* [Task to complete]
Repeat the records word for word, excluding any picture.

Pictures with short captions

★ ★ ★ ★

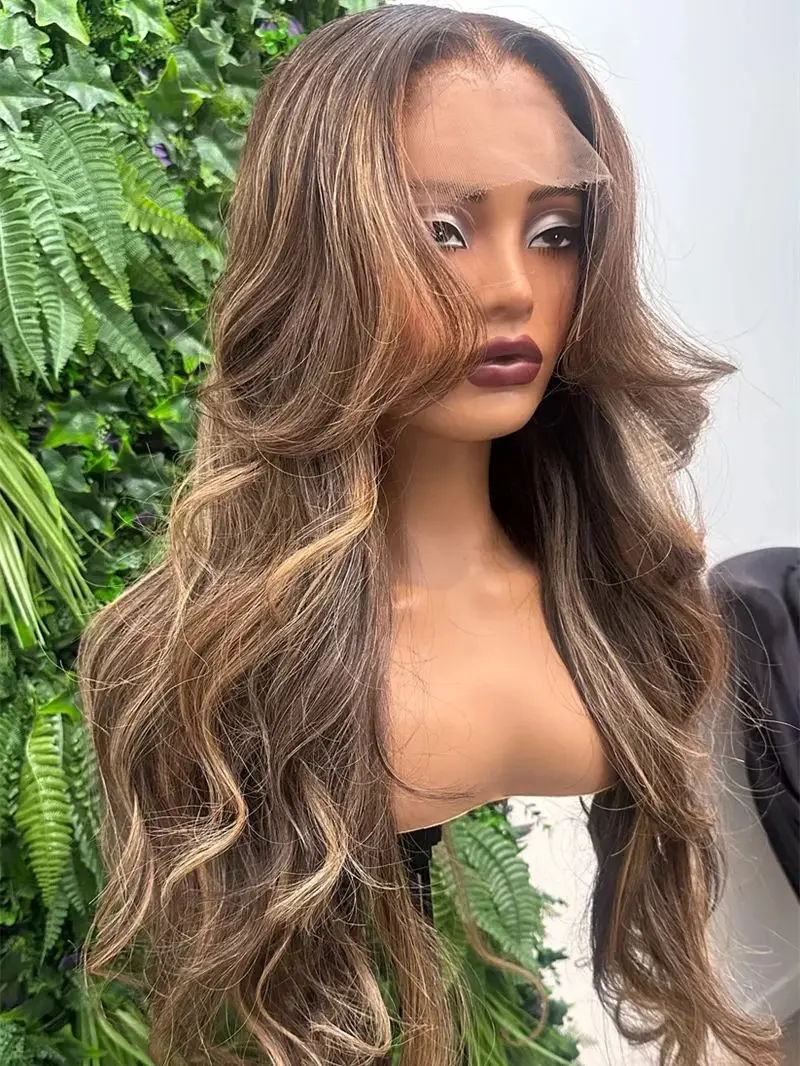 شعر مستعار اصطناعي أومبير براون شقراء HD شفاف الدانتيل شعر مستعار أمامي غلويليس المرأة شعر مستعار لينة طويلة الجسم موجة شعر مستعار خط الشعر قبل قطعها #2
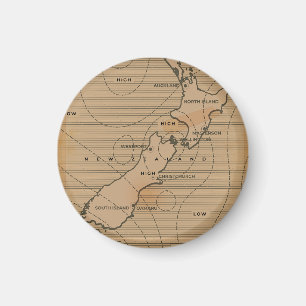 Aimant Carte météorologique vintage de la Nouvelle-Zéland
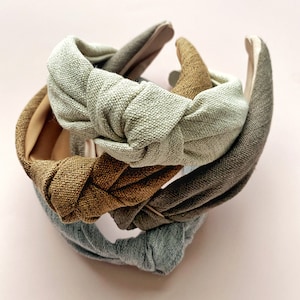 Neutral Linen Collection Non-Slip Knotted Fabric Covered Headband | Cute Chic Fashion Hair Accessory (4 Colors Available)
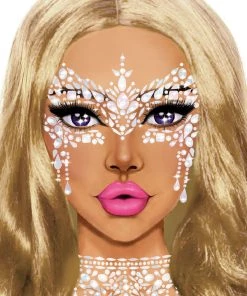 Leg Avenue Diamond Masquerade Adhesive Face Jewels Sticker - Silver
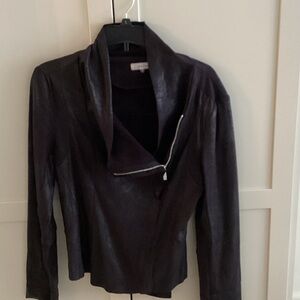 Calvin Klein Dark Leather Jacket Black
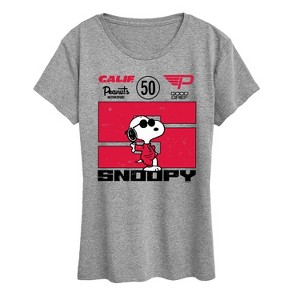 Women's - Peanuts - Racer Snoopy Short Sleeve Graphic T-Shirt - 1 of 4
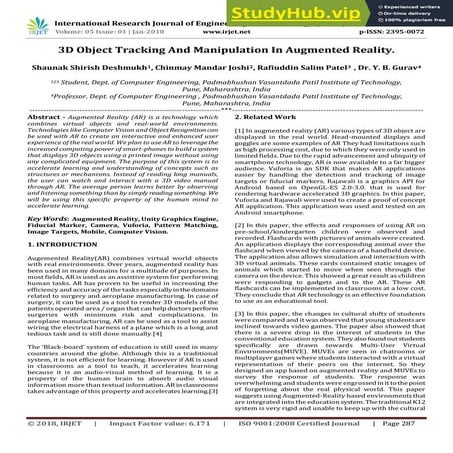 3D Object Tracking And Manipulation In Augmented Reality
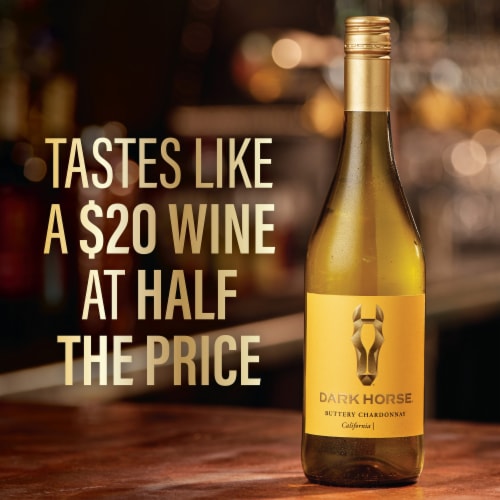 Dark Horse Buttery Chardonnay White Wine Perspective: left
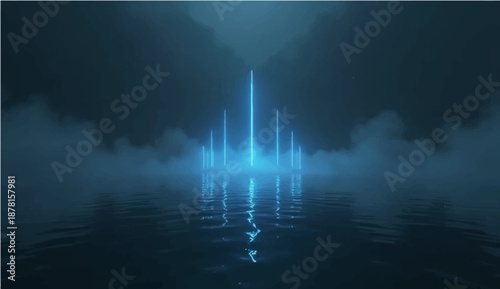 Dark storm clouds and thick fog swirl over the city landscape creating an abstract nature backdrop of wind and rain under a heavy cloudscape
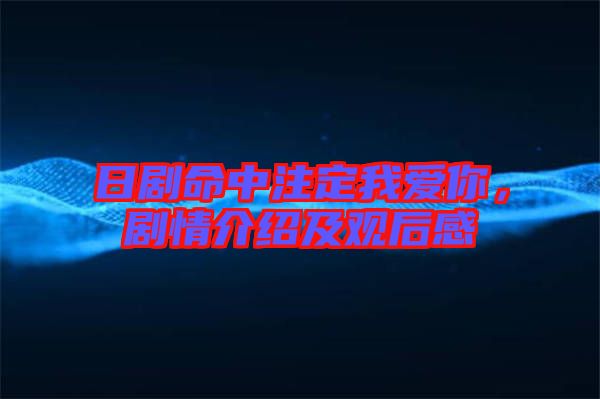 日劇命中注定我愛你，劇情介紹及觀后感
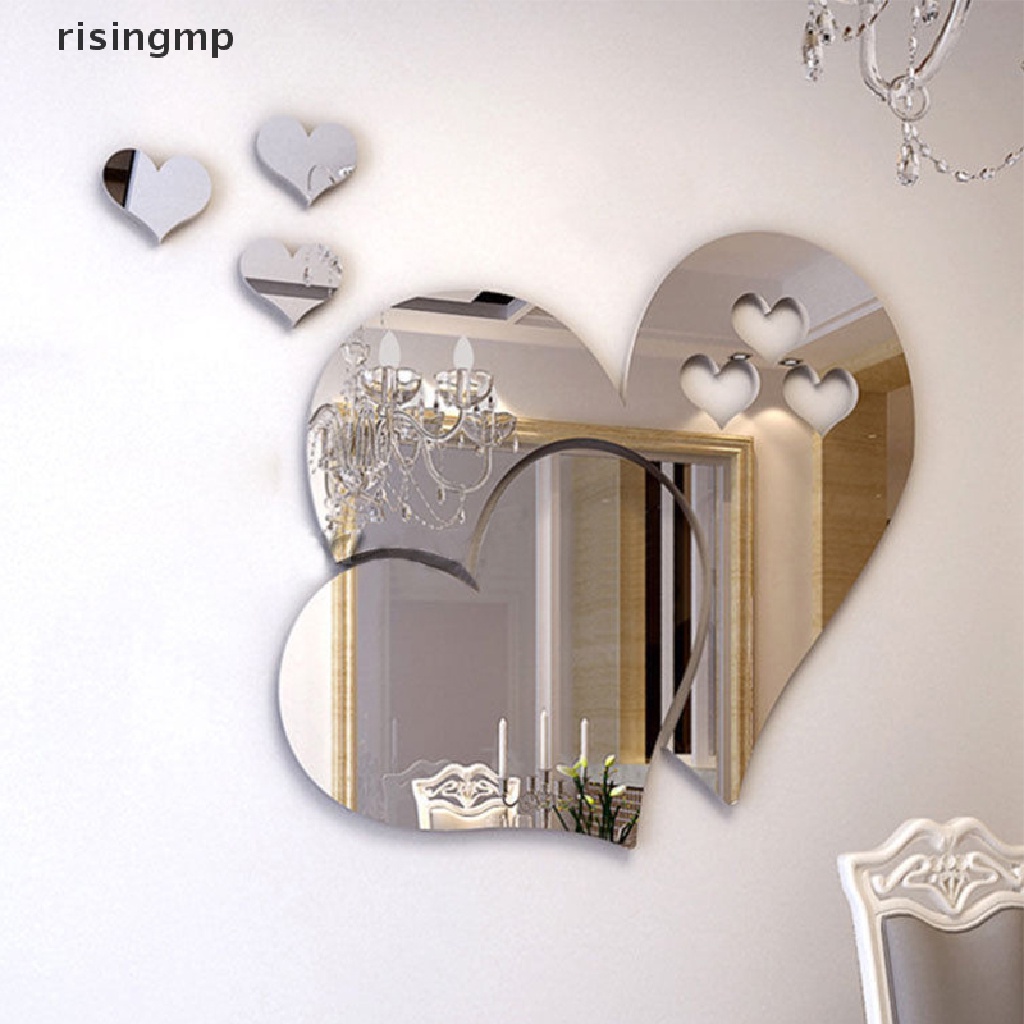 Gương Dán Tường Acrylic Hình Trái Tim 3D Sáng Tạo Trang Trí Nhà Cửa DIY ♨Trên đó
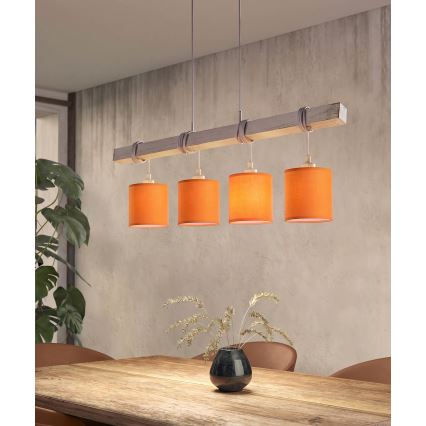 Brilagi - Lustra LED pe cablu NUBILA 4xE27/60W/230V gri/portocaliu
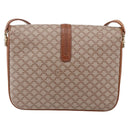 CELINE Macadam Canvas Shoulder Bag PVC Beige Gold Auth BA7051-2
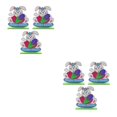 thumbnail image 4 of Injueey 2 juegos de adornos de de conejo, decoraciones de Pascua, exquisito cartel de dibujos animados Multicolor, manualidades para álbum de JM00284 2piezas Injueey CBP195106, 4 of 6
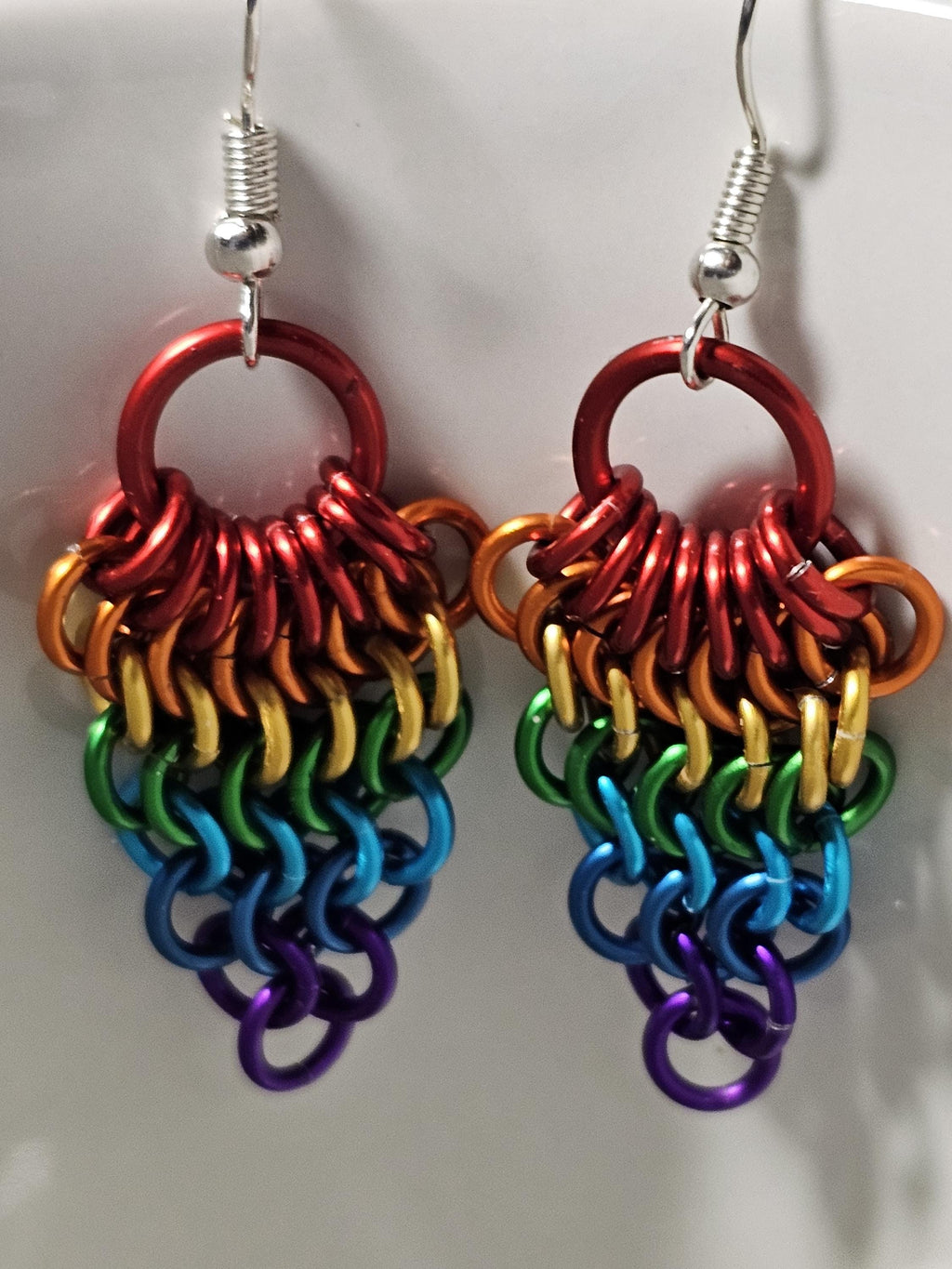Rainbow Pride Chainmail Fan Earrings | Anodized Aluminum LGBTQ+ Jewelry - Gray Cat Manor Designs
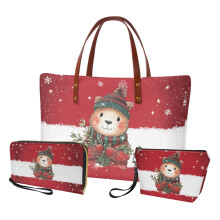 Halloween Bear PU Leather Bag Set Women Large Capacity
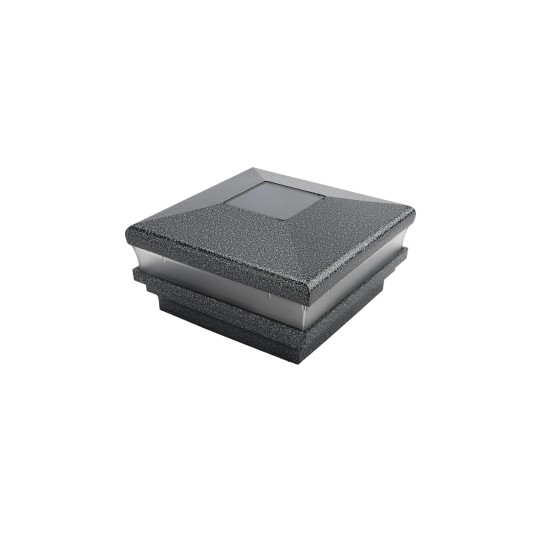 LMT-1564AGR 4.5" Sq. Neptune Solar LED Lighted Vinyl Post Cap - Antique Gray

★ ★ ★ ★

* [Answer to the exercise]
 شعر مستعار اصطناعي أومبير براون شقراء HD شفاف الدانتيل شعر مستعار أمامي غلويليس المرأة شعر مستعار لينة طويلة الجسم موجة شعر مستعار خط الشعر قبل قطعها #2
 Aimant Carte météorologique vintage de la Nouvelle-Zéland
 Neutral Linen Collection Non-Slip Knotted Fabric Covered Headband | Cute Chic Fashion Hair Accessory (4 Colors Available)
 Leg Avenue Diamond Masquerade Adhesive Face Jewels Sticker - Silver
 Calvin Klein Dark Leather Jacket Black
 Women's - Peanuts - Racer Snoopy Short Sleeve Graphic T-Shirt - 1 of 4
 3D Object Tracking And Manipulation In Augmented Reality
 Dark Horse Buttery Chardonnay White Wine Perspective: left
 Dark storm clouds and thick fog swirl over the city landscape creating an abstract nature backdrop of wind and rain under a heavy cloudscape
 日劇命中注定我愛你，劇情介紹及觀后感
 Gương Dán Tường Acrylic Hình Trái Tim 3D Sáng Tạo Trang Trí Nhà Cửa DIY ♨Trên đó
 Brilagi - Lustra LED pe cablu NUBILA 4xE27/60W/230V gri/portocaliu
 CELINE Macadam Canvas Shoulder Bag PVC Beige Gold Auth BA7051-2
 thumbnail image 4 of Injueey 2 juegos de adornos de de conejo, decoraciones de Pascua, exquisito cartel de dibujos animados Multicolor, manualidades para álbum de JM00284 2piezas Injueey CBP195106, 4 of 6
Rainbow Pride Chainmail Fan Earrings | Anodized Aluminum LGBTQ+ Jewelry - Gray Cat Manor Designs
 Halloween Bear PU Leather Bag Set Women Large Capacity
 LMT-1564AGR 4.5" Sq. Neptune Solar LED Lighted Vinyl Post Cap - Antique Gray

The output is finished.